Artificial neural networks are a machine-learning technology that help computers to learn from observational data. They are algorithms that can recognize underlying relationships in sets of data through a process that mimics the way the human brain operates.
Fuzzy logic is known to provide clear solutions to complex problems, as it also reflects human thinking and decision-making.

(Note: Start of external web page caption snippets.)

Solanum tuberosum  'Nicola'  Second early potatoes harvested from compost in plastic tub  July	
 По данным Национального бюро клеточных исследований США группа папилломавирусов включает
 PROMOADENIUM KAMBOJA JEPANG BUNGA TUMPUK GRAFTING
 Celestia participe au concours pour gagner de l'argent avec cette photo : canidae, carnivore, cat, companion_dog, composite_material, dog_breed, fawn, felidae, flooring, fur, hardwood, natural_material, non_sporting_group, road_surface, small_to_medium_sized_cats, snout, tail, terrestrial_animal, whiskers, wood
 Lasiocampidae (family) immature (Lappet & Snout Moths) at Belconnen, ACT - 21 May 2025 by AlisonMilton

While conventional logic works on precise inputs and produces definite outputs such as “true” or “false” and “yes” or “no,” fuzzy logic tends to include the range of possibilities between “yes” or “no” – like “certainly yes” or “possibly not,” for example.
The scientists tested the proposed technique on a hydrogen production system incorporated with a photovoltaic-thermal (PVT) solar collector.

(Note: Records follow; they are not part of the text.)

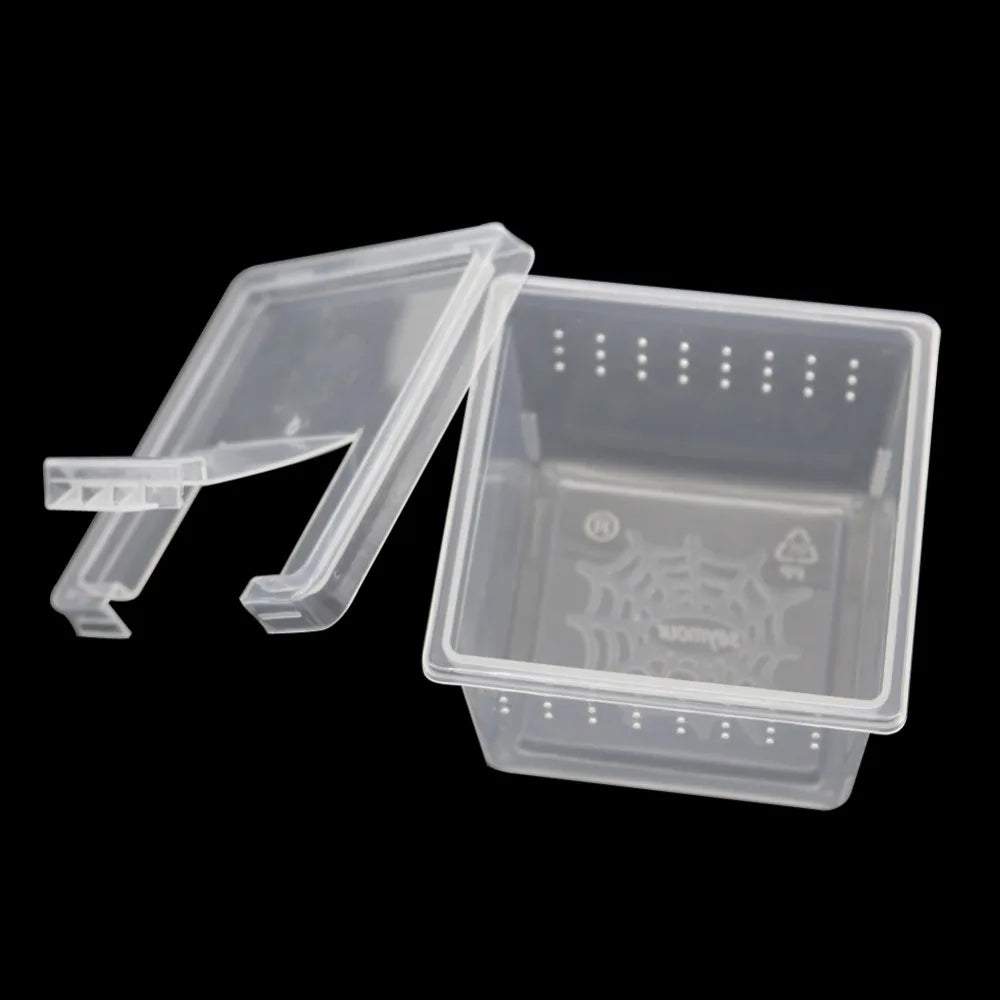 Mini Plastic Rearing Box (2-Pack) — Transparent Habitat for Spiders, Scorpions & Insects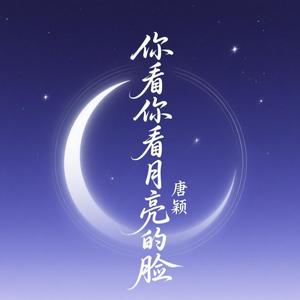 你看你看月亮的脸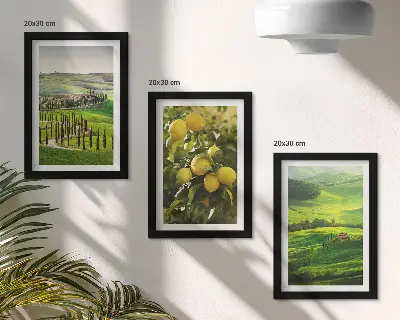 Photo frame wall with Italian landscapes featuring citrus trees and green hills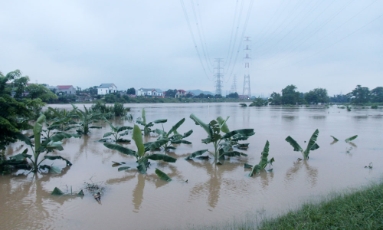 Nhịp sống
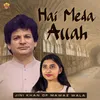 About Hai Meda Allah Song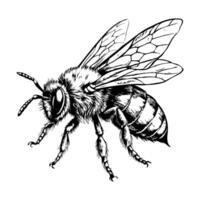 A black and white drawing of a bee vector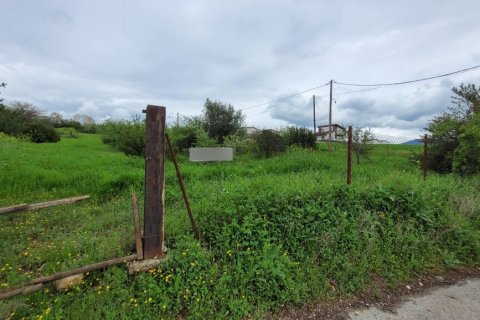 4000m² Land in Panorama, Greece No. 108047 6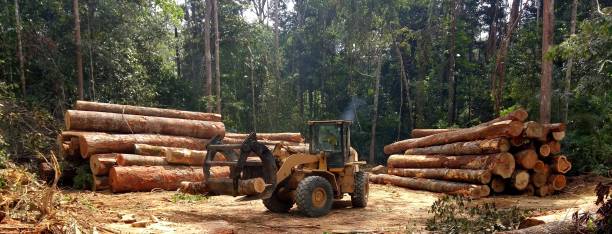 How Our Tree Care Process Works  in  Deephaven, MN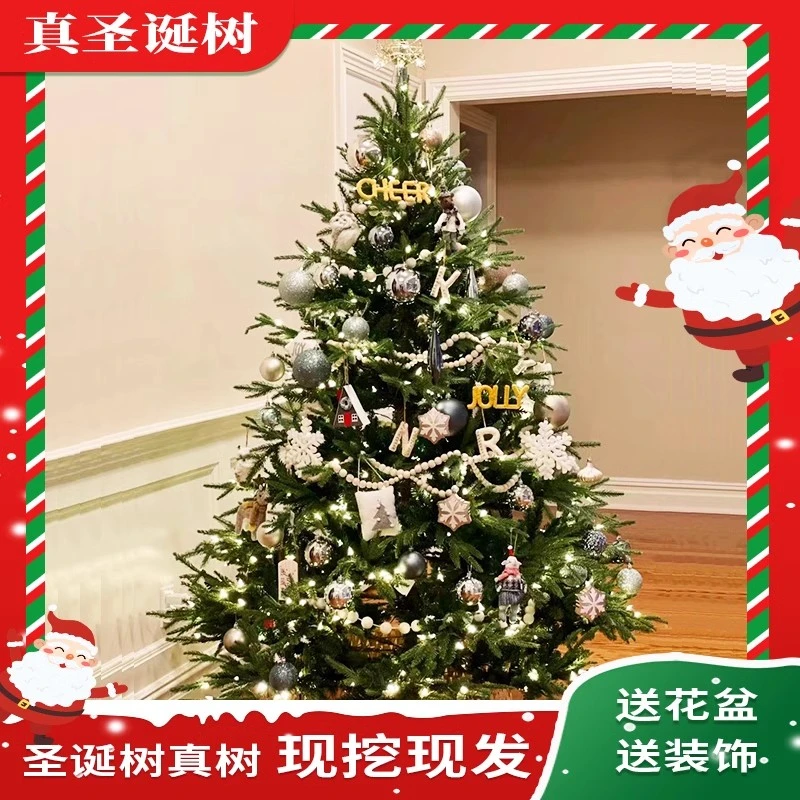 真的圣诞树盆栽真树活的挪威云杉真正的诺贝松真树松树圣诞节绿植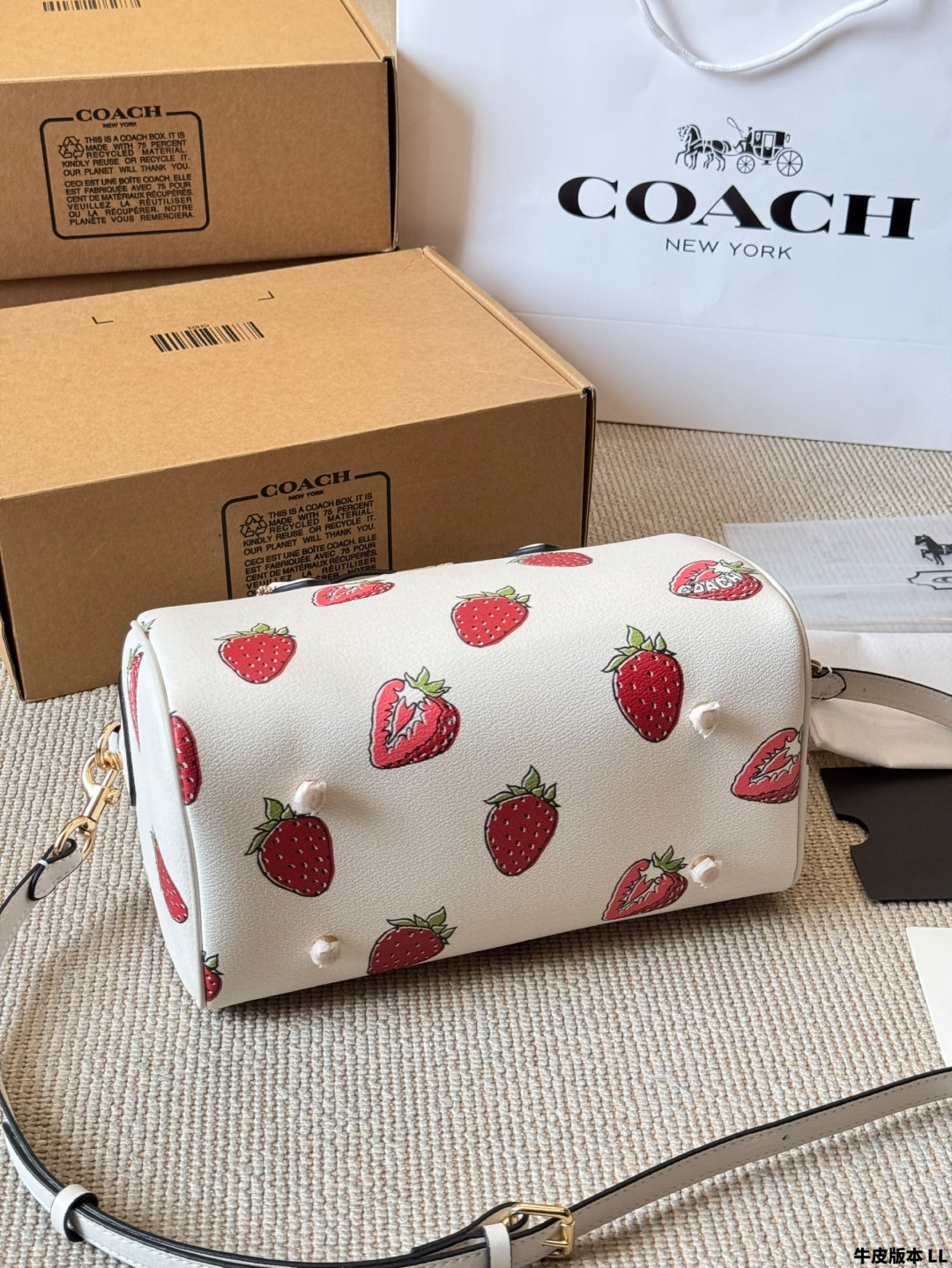 Coach 🍓mini Rowan Pillow Bag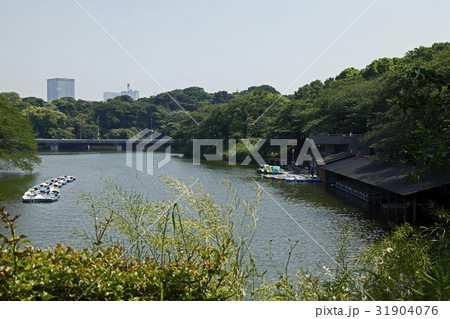 千鳥ヶ淵（北の丸公園） 31904076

The Indian group took measurements of the hydrogen yield rate and the electrical efficiency of the PVT system by orienting the PV modules toward south at three different angles of 30°, 40°, and 50°. “At each angle, different output parameters such as PV module surface temperature, inlet and outlet fluid temperature, open-circuit voltage and short circuit current are continuously measured by the circulating water, ethylene glycol and water-ethylene glycol mixture in the thermal collector,” they explained.
Their measurements showed that the thermal output of the PVT device increases by raising the tilt angle, while the optimum tilt angle is reached as 40°. “The higher amount of thermal efficiency of 33.8% have been obtained with spiral flow PVT system cooled with water placed at an angle of 40° inclination,” they said.

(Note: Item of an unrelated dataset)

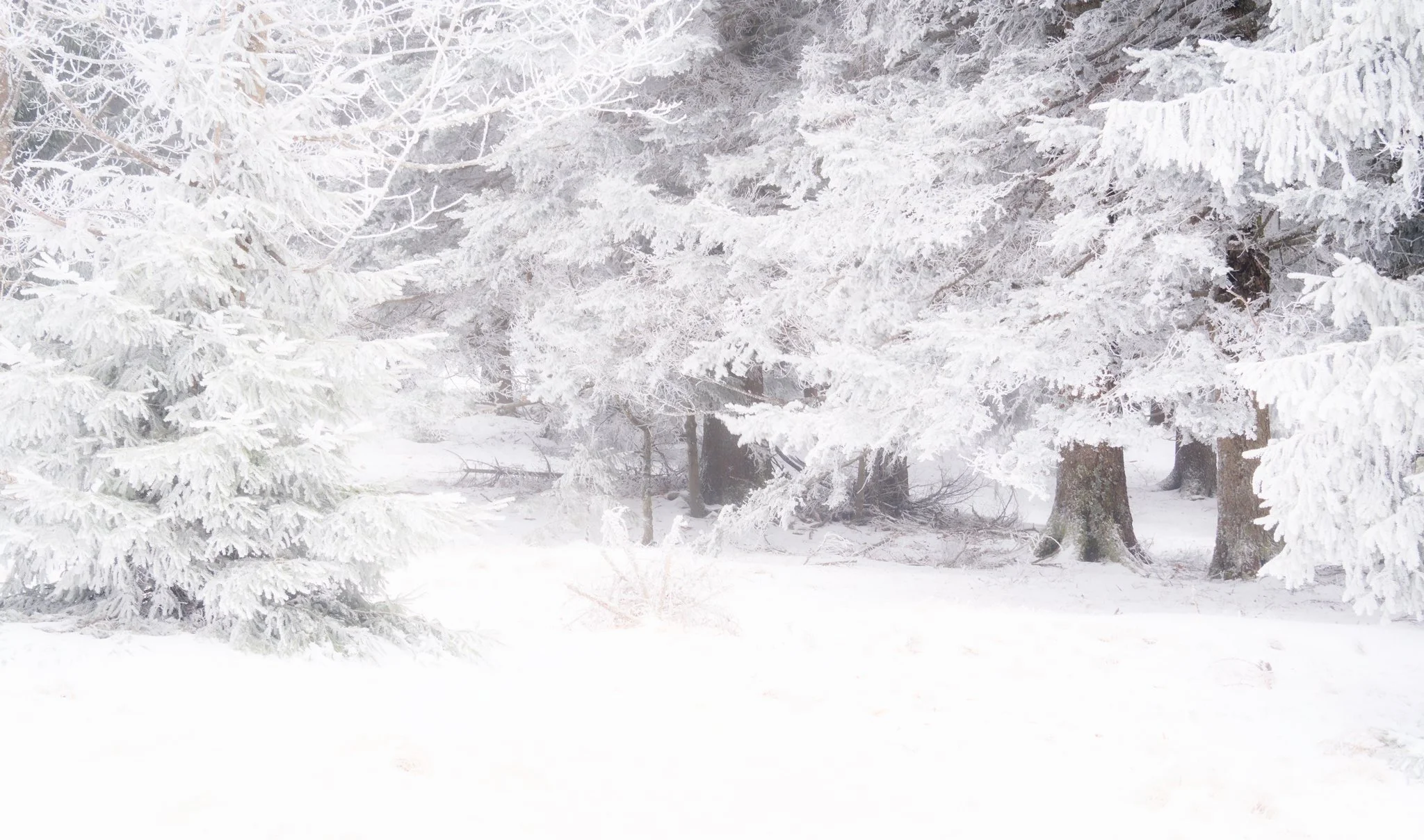 02012026-3.jpeg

This system configuration ensured the highest hydrogen yield rate, as more electrical output was provided by the PV unit, they said. “This accelerates the electrolysis process in electrolyzer,” the researchers concluded. “The ANFIS results revealed that the predicted values are in good agreement with the experimental values and it could be a suitable alternate method to predict the values of PVT systems in future.”